What does packaging provide other than protection?

What cannot be neglected under any circumstances is that packaging must also look somewhat impressive because often it is the first thing of ours that a customer sees – so to say, the business card for our products and the company. For that reason, we have decided upon a dyed version in red, which elevates us above other manufacturers at first glance. If then, for good measure, there is an explicitly understandable label with essential product data on it, our customers immediately know that they can one-hundred percent rely on the delivered product.

This all sounds really well thought-out. Are there also key figures determining the value with which the CO2 impact can be reduced with the help of packaging alone?

Of course, we looked at that too: in 2021, more than 6.3 million plastic packs left our factories, which accounts for a total weight of approx. 58.6 tonnes of plastic. If we extrapolate the expected volume in Europe for 2022, we can save 226 tonnes of CO2 emissions per year with the use of packaging made of PCR plastic when compared with newly made plastic. As a result, we will reduce our CO2 emissions with packaging by at least 60 percent.

That sound impressive! When will the changeover start?

The changeover of packaging sleeves to PCR recyclate has already begun and is being continued little by little. The previous packaging is of course being used up first, but after that it is being seamlessly replaced by the new one. Where we took particular care was to ensure that the journeys from the packaging manufacturer were also short. Our partner, Rose Plastic, is based nearby in Lake Constance; however, they also have sites in China and India from which they are able to deliver regionally.

Are we therefore using 100% recycled material for all of the packaging?

If you consider all of the packaging components, there is indeed still a challenge: currently, none of our labels are made from 100% recycled material. As a result, we have decided to initially leave them as newly made material; however, we will pay meticulous attention to the assignment of packaging to the label. So that the same materials are always used that can go through the recycling process together. And as soon as there is something new from our development partner Rose Plastic, we will promptly change over to it. As we are in close contact with them, we will also be quickly informed about the current innovations.

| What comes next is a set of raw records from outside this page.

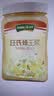 汪氏（wangs）蜂王浆鲜王浆500g 蜂皇浆春浆 滋补中秋送父母长辈京东冷链配送 实拍图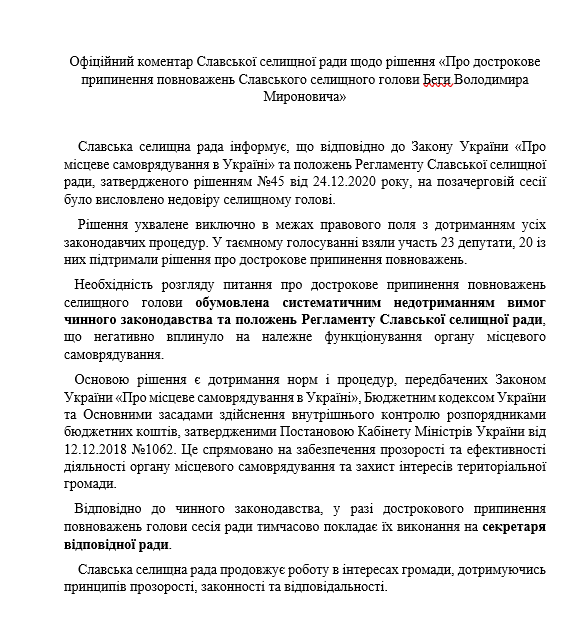 Очільнику Славської ОТГ на Львівщині Володимирові Безі висловили недовіру (ОНОВЛЕНО) - 2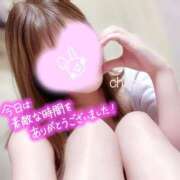 ヒメ日記 2025/05/03 02:18 投稿 ちか 池袋人妻ヒットパレード（シンデレラグループ）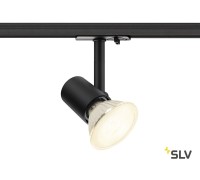 Трековый светильник 1PHASE-TRACK SPOT 1001874 SLV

Jürgen, was it clear from the start that the matter of packaging would be of great significance?

We initially had a rough idea about everything that could be analysed and redefined considering the dissertation. Nevertheless, it also became rapidly clear to us that there was far more behind the matter of packing our products than just the packaging alone. Furthermore, a site-wide collaboration with the production sites is of great importance so that everyone is in the same boat from the outset. The very close and good collaboration with our suppliers, Rose Plastic, has likewise been very helpful because we have been able to draw on their experience and input.

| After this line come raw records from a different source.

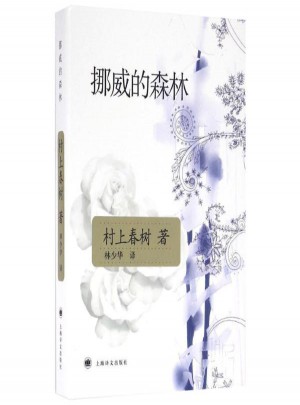 挪威的森林(新版)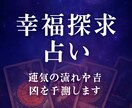 あなたに訪れる次の出会いを具体的に占います 出会いは｢運気｣。｢流れ｣から作っていくもの！未来を占う✨ イメージ1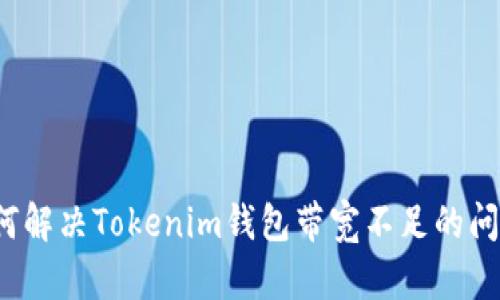 如何解决Tokenim钱包带宽不足的问题？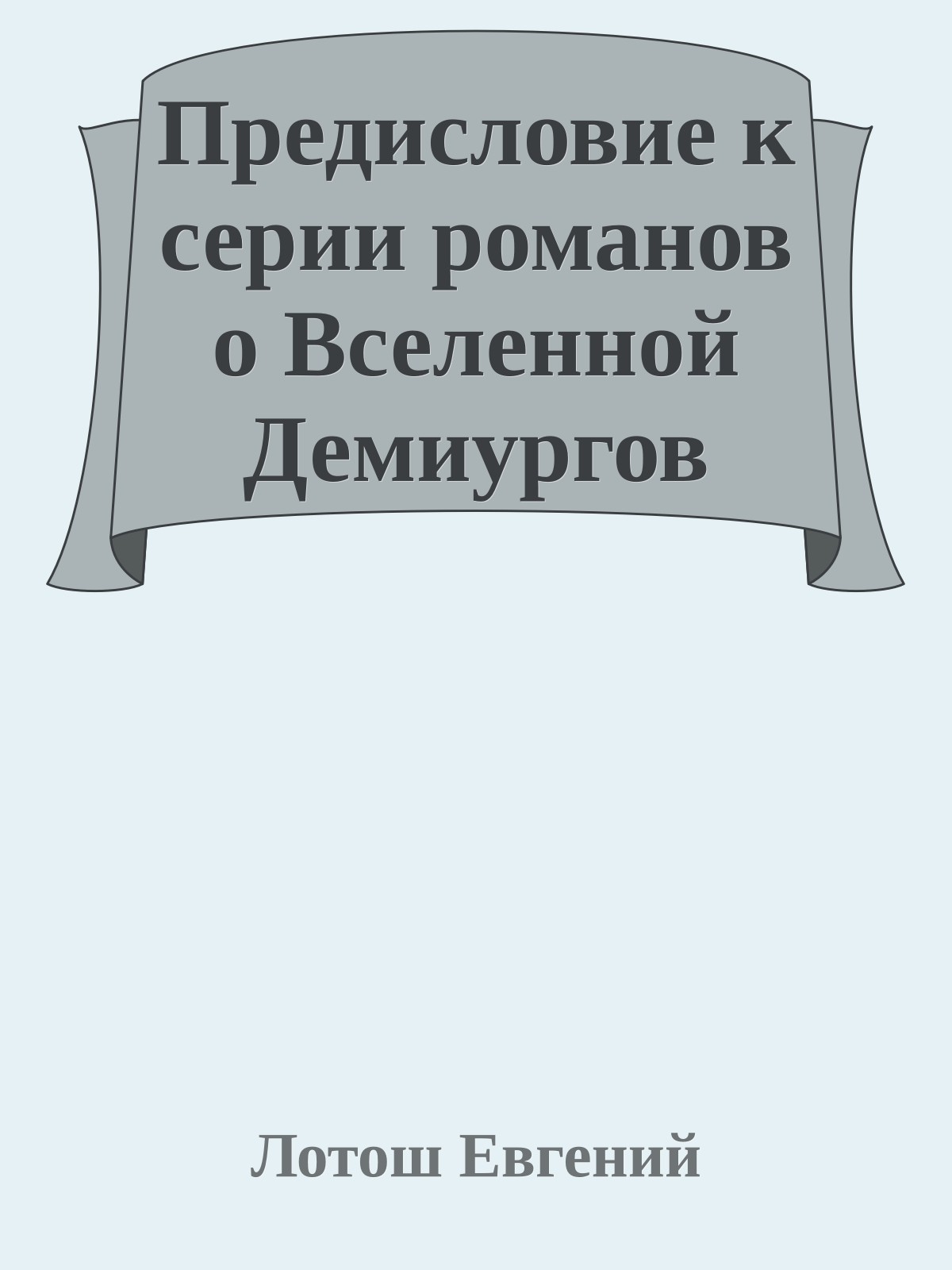 Предисловие к серии романов о Вселенной Демиургов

Simon, are you satisfied with the result of your BA dissertation? And what will you do now?

I reckon that both my professor and CERATIZIT were satisfied with the result. Prof. Markus Prem from the Faculty of Mechanical Engineering graded my dissertation with 1.5 (the equivalent of a First in the UK). And CERATIZIT is no longer just a project partner, but they are now my employer: since August 1st I have been the Technical Project Development Manager in the Innovation Management Team of Andreas Armbruster. And the next interesting projects are already in motion. 

This article first appeared internally in December 2022 and has been slightly adapted for this blog article. The portfolio of recycled packaging is constantly being expanded.